= Annar =

Norse deity

In Norse mythology, according to the Gylfaginning, Annar (Old Norse Annarr 'second, another') is the father of Jörð (Mother Earth) by Nótt (the Night). The form Ónar (Old Norse Ónarr 'gaping') is found as a variant.

Annar/Ónar is also the name of a dwarf in the catalogue of dwarfs in the Völuspá that is repeated in the Gylfaginning.

==Attestations==
In the pseudo-historical genealogy of Odin's ancestors in the introduction to Snorri Sturluson's Prose Edda, a certain Athra is said to be he "whom we call Annar". What this refers to is unknown. (See Sceafa for discussion of the section of this genealogy in which Annar appears.)

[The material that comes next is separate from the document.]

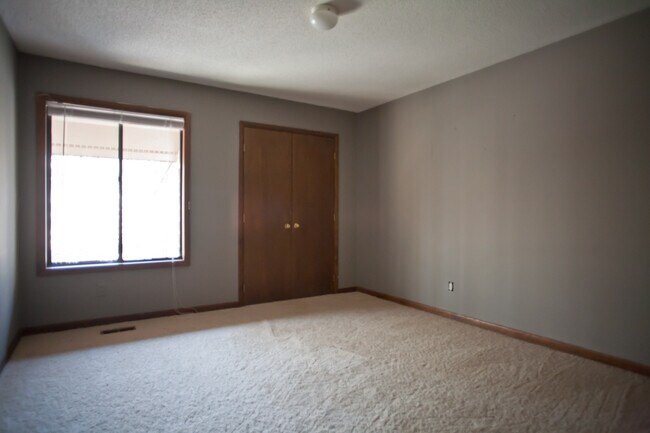 Foto del edificio - Spacious duplex just minutes from downtown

In the Gylfaginning Snorri writes of Nótt:
She was given to the man named Naglfari; their son was Aud. Afterward she was wedded to him that was called Annar; Jörð ['Earth'] was their daughter.

Snorri might have been using a source in which annar 'second, another' was intended to mean Odin, for he himself had just previously written of Odin: "The earth was his daughter and his wife...".

But in the Skáldskaparmál Snorri uses the form Ónar instead, giving "daughter of Ónar" as one of the kennings for Jörð. Snorri also cites from Hallfreðr vandræðaskáld:
In council it was determined

That the King's friend, wise in counsel,

Should wed the Land, sole daughter

Of Ónar, greenly wooded.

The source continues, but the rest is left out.